[Problem statement]:
In the records below, the line with "熱気球の搭乗体験は中止された" opens the range and the line with "Używane Pokrywa bagaznika" closes it; print that range exactly and nothing else.

[Materials provided]:

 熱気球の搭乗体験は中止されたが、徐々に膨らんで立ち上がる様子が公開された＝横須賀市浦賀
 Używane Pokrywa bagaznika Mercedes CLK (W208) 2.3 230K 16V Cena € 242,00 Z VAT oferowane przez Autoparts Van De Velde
...
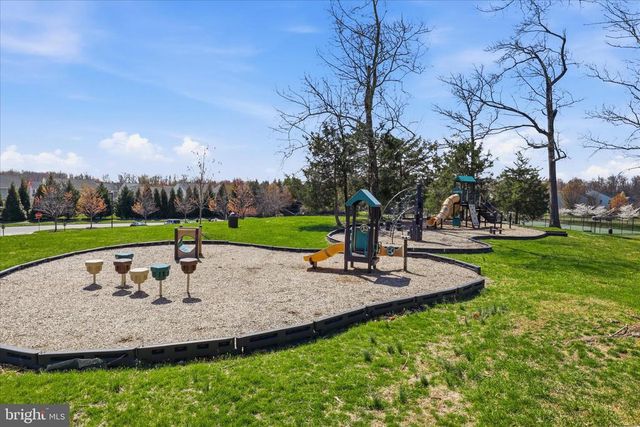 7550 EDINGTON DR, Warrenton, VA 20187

[Exercise result]:
 熱気球の搭乗体験は中止されたが、徐々に膨らんで立ち上がる様子が公開された＝横須賀市浦賀
 Używane Pokrywa bagaznika Mercedes CLK (W208) 2.3 230K 16V Cena € 242,00 Z VAT oferowane przez Autoparts Van De Velde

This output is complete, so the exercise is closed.